In the year 1996, cell phones were mostly used by business professionals and less than one percent of Americans considered them a necessity. Within a decade, as expected by many industry observers, the cell phone became an everyday part of people’s lives.
An interesting tangent to this story concerns the addition of small, cheap, digital cameras to cell phones. This enhancement began around the year 2000. Now, nearly every person carries a digital camera embedded into their cell phone. The digital camera innovation was in plain sight to anyone, including executives at Eastman Kodak, a firm investing billions of dollars to adapt digital photography to its consumer business model.
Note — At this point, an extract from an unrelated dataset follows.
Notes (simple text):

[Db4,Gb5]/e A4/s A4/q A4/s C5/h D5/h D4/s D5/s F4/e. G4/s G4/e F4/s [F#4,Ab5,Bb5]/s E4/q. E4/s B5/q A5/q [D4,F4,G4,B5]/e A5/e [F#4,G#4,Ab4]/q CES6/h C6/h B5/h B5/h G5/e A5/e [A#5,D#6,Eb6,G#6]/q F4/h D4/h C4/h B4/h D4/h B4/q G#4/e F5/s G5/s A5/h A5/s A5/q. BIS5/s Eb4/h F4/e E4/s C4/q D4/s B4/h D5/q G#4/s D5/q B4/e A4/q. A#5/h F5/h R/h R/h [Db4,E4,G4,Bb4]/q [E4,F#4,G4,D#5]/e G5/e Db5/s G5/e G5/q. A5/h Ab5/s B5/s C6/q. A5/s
We can plausibly imagine that Kodak’s executives might have declared, “A camera on a cell phone is irrelevant to our business. It’s just a distracting, odd, fanciful curiosity.” It is possible that the Kodak executives might have similarly dismissed any significance from the emergence of MySpace (shifted its business model to social networking and media sharing in 2003), Facebook (founded in 2004 and by 2006 available to nearly anyone with a valid email address), Instagram (founded in 2010), Pinterest (founded in 2009) and digital imaging initiatives from tech companies like Google, Apple, and Yahoo.
With the benefit of hindsight, we now know that digital cameras on cell phones are commonplace and social media companies are now among the most valuable of all enterprises. We also know that Kodak declared bankruptcy in 2012, abandoning the consumer business.
William Gibson remarked that,
“the future is already here, it’s just not very evenly distributed.”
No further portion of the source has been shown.